County of Rutland consumes the most energy in England and Wales, which council attributes to its picturesque houses
By Sophie Yeo
The motto of Rutland, England’s tiniest historic, county is “much in little” – but apparently this doesn’t apply when it comes to energy consumption.
Figures from the Department of Energy and Climate Change show that households in this East Midlands county have the largest energy appetite in the whole of England and Wales.
Rutland households consumed an average of 36 megawatt hours in 2011, or more than three times that of the Isles of Scilly and Ceredigion, the two local authorities where energy consumption is lowest.
A spokesperson for Rutland County Council suggested that the reason for Rutland’s energy consumption might be the large amount of picturesque properties that are scattered throughout the area.

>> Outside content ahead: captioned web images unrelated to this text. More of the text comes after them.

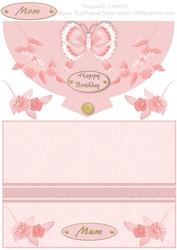 Butterfly and Flower Fancy Envelope Card (mum/mom)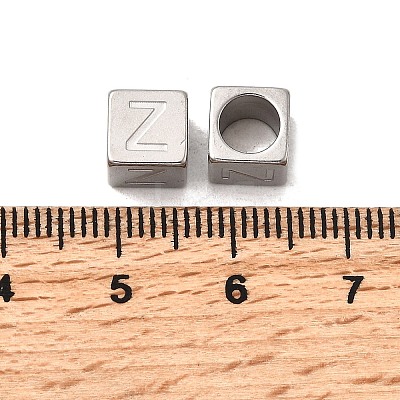 304 Stainless Steel European Beads STAS-D382-02Z-P-1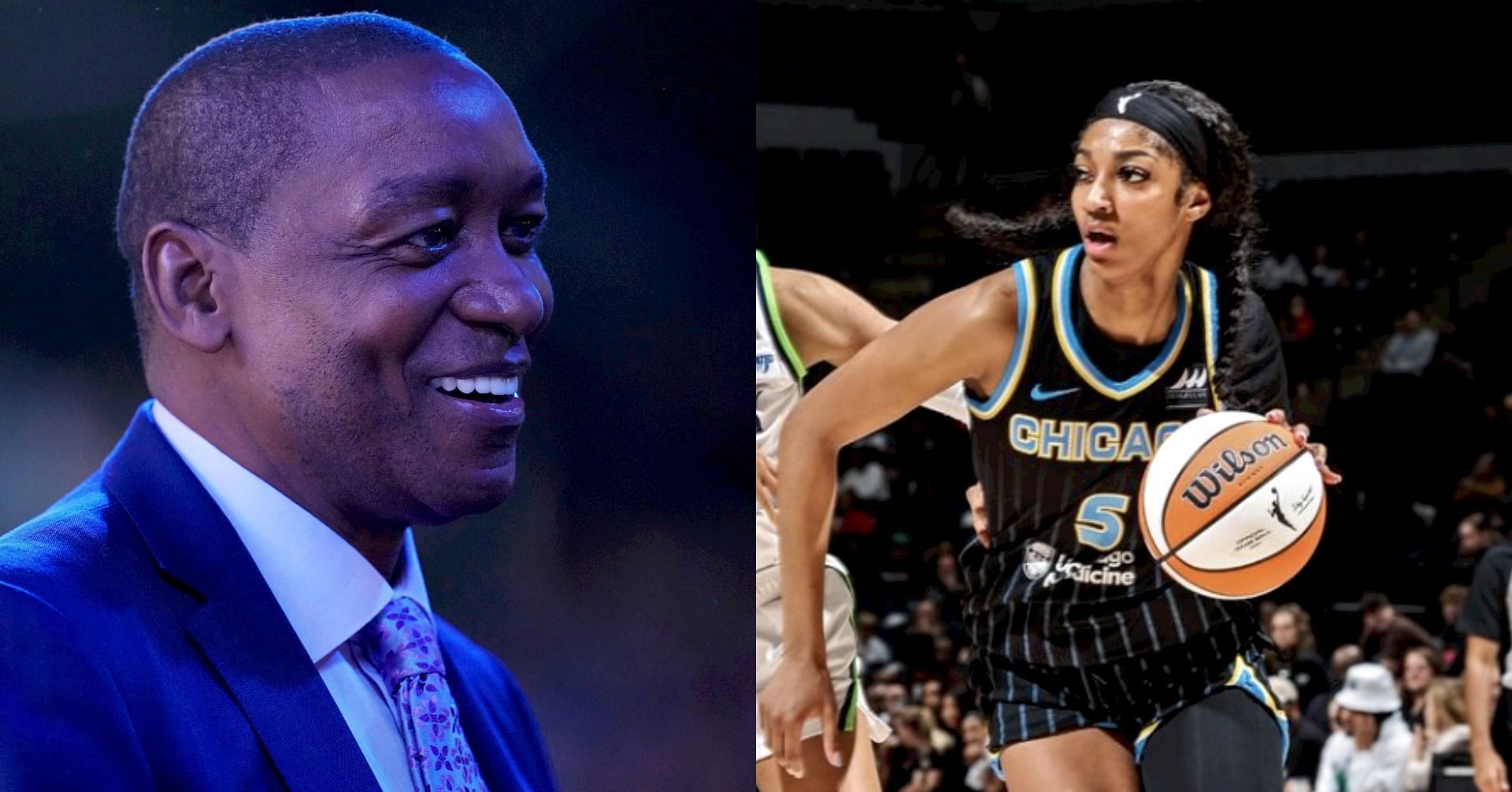 Isiah Thomas shouts out Chicago&rsquo;s No. 7 pick, Angel Reese, after WNBA preseason debut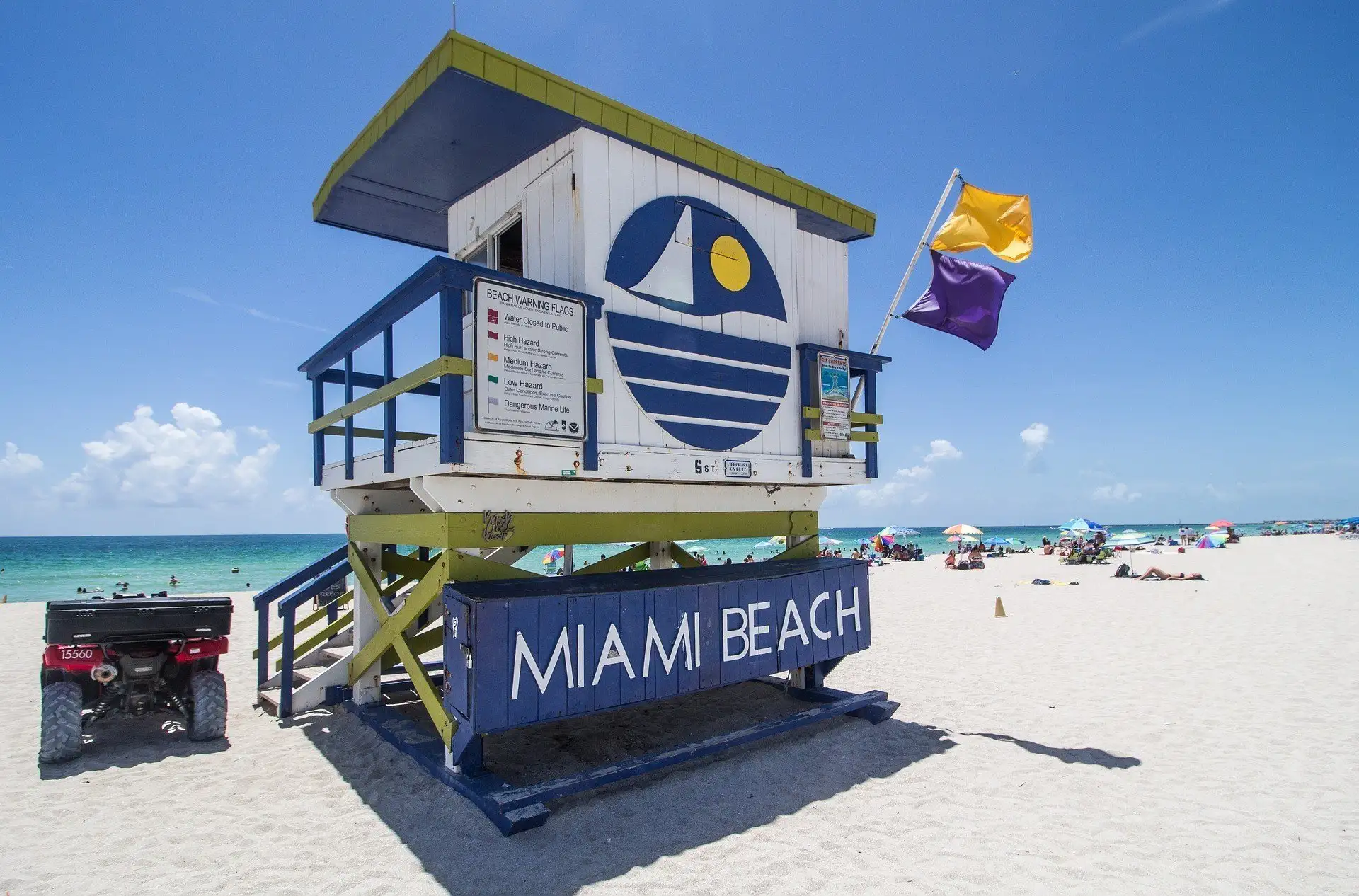 South Beach au coucher du soleil, l'un des meilleurs endroits où séjourner à Miami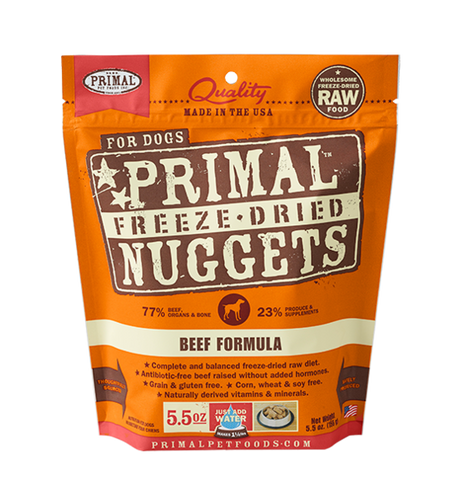 Primal Dog FD Nugget Beef - Mr Mochas Pet Supplies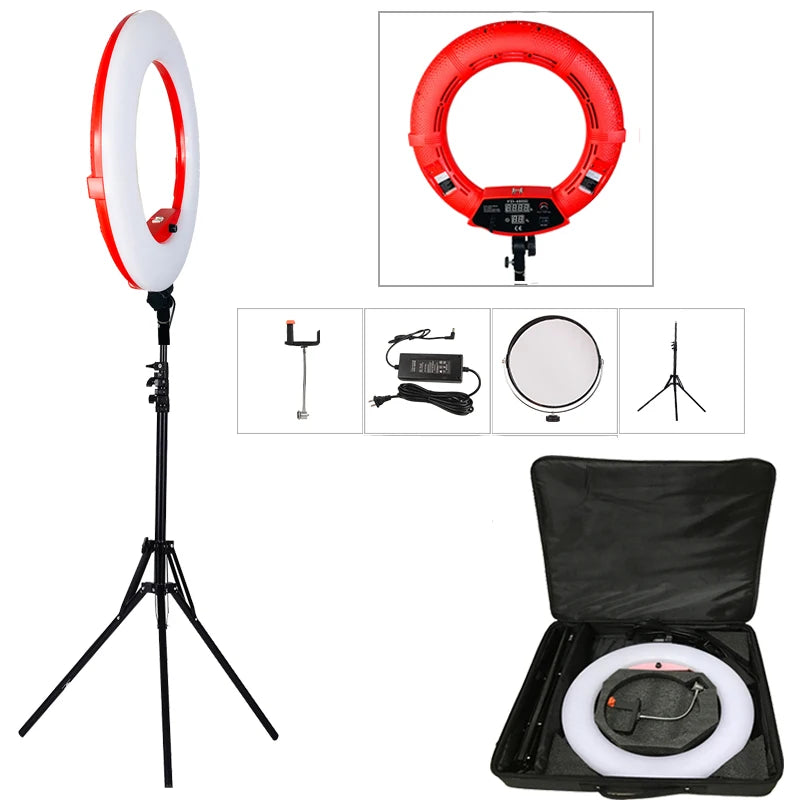 Yidoblo FD-480 18" Dimmable LED Ring lamp Kit 96W LED makeup Tattoos Light Lamp Ring light + stand (2M)+ handbag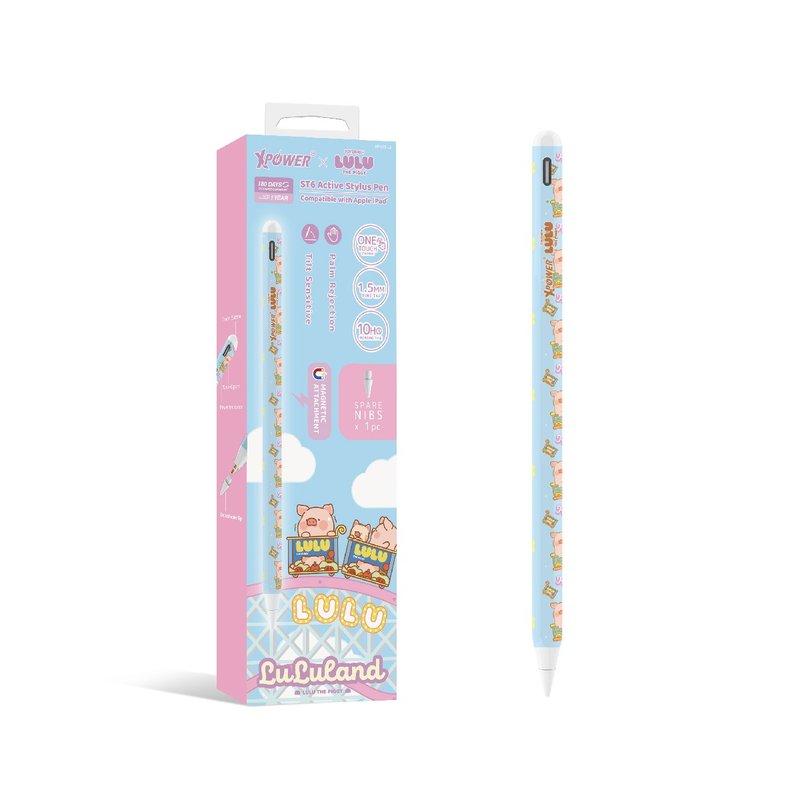 XPower x 罐头猪LuLu ST6-L3磁吸主动式触控笔 (Apple iPad专用) - 其他 - 其他金属 蓝色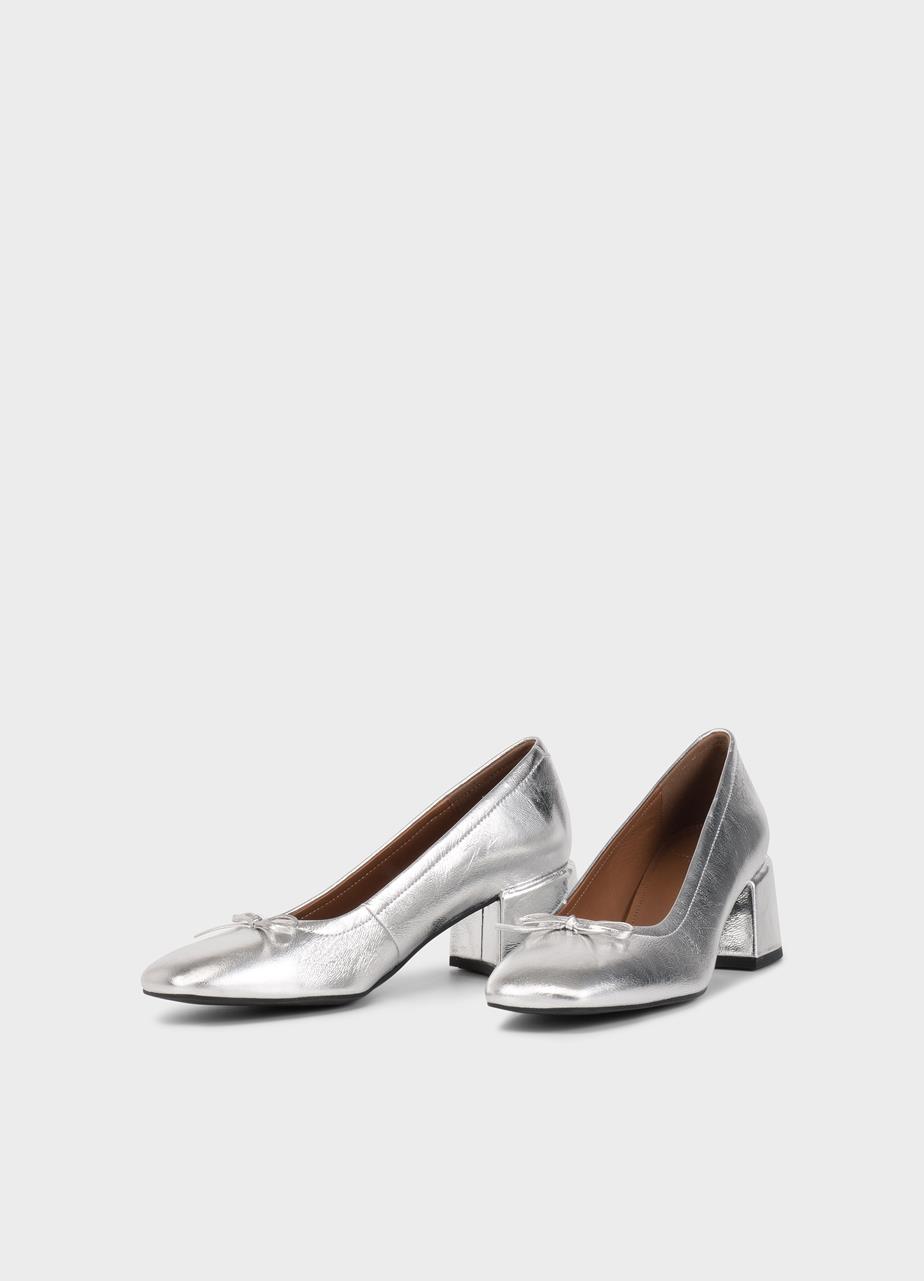 Adison pumps Silver metallic leather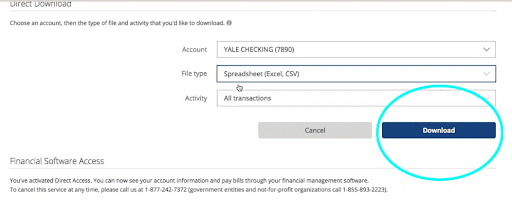 save it in CSV format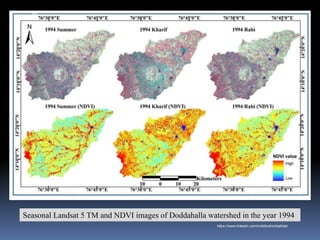 Seasonal Landsat 5 TM and NDVI images of Doddahalla watershed in the year 1994
IBK
https://www.linkedin.com/in/dribrahimbathisk/
 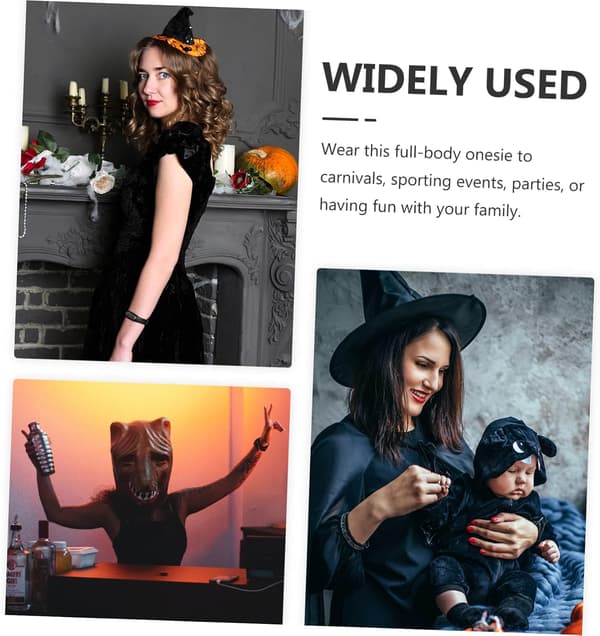 Halloween Usynlig Kappe Cosplay Kostume til Voksne Helkropsdragt til Mænd og Kvinder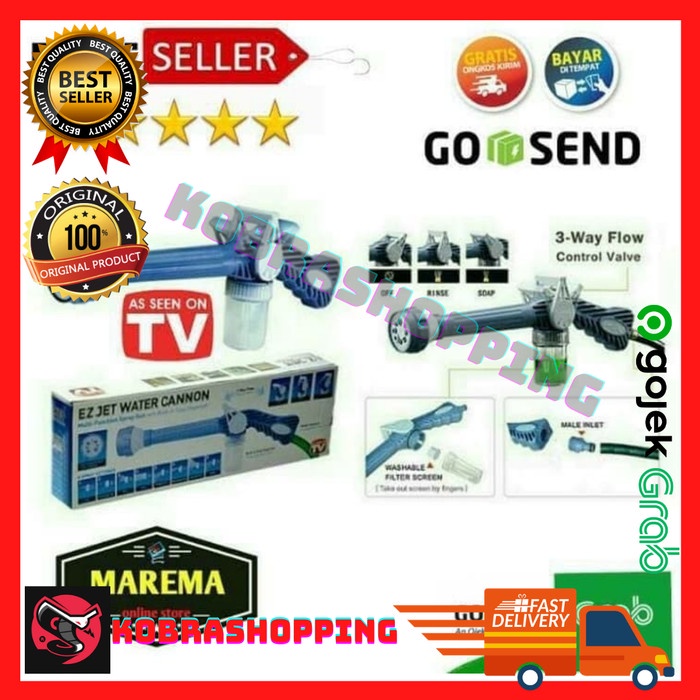 SIAP KIRIM Canon Water Jet Kepala Semprotan Untuk Cuci Mobil  Motor Dll  Ready TERBATAS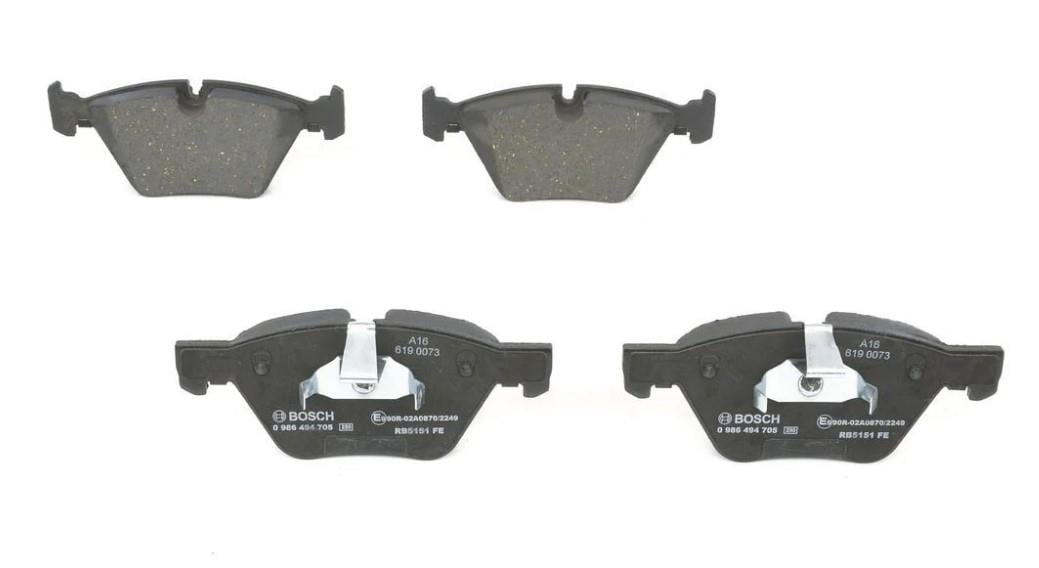 Bosch Fren BalatalarıBosch{atiker}Bosch Fren BalatalarıOn Fren Balatası Bmw F10 F11 330mm Dısk Icın 0986494705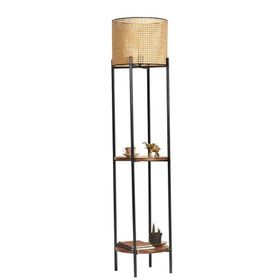 Lumexx Vega Siyah Rattan Başlıklı Lambader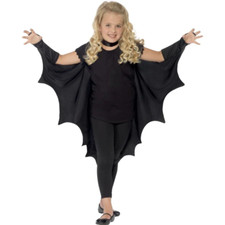 Vampire Bat Wings Children Unisex Fancy Dress Costume Accessory 4-12 Years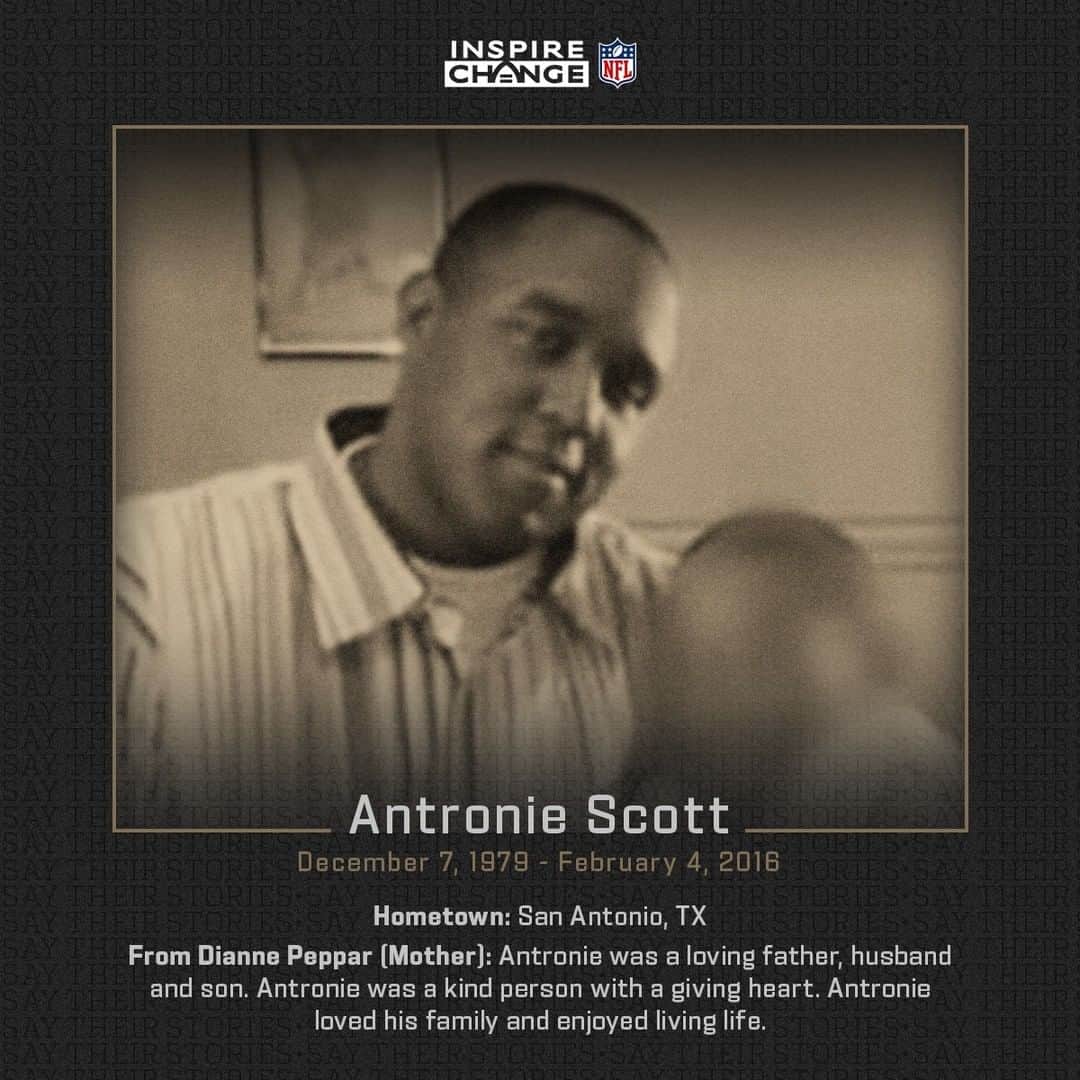 NFLさんのインスタグラム写真 - (NFLInstagram)「Say His Name: Antronie Scott #SayTheirStories」11月13日 5時00分 - nfl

They said, “We can only speculate as to the reasons why Rutland is top of this table, but Rutland is a relatively affluent rural area and has, compared to other parts of the country, a significant amount of large detached older properties with solid walls which add to the character and attractiveness of our local area, but which require additional energy to heat to comfortable levels.”
In spite of this, the report suggests that rural households consume less energy because their isolation means they are less likely to received piped gas, and therefore may depend on alternative energy sources. There is no piped gas, for instance, for the whole of the Isles of Scilly.
Rutland, based located in the East Midlands, is merely the worst of a bad bunch. All of the top ten energy consuming counties hailed from this region of the UK, where the average household energy consumption in 2011 was 27.5mWh, compared to a national average of 19.7.
While the figures suggest that households in rural areas are likely to consume less energy than their urban counterparts, there were two local London authorities, Tower Hamlets and City of London, which crept into the top ten list of households with the lowest energy consumption.
Overall, the data shows that household energy consumption is decreasing. Over the six year period, energy consumption dropped by 24.7%.
This could be for a variety of reasons including household improvements such as insulation, more informed consumer purchasing decisions, better public awareness of environmental issues, or an overall price increase of gas and electricity.
Guy Newey, head of environment and energy at Policy Exchange, told RTCC, “It would be very interesting to do the analysis to try to work out which are the most important factors because that has real implications for whether policy is working and delivering cost reductions, or whether it’s just a case of the price going up, so demand’s going down.”
As to why certain areas had such a high level of energy consumption, Peter Williams from East Midlands Council told RTCC, “The reasons for this are almost certainly complex and varied.”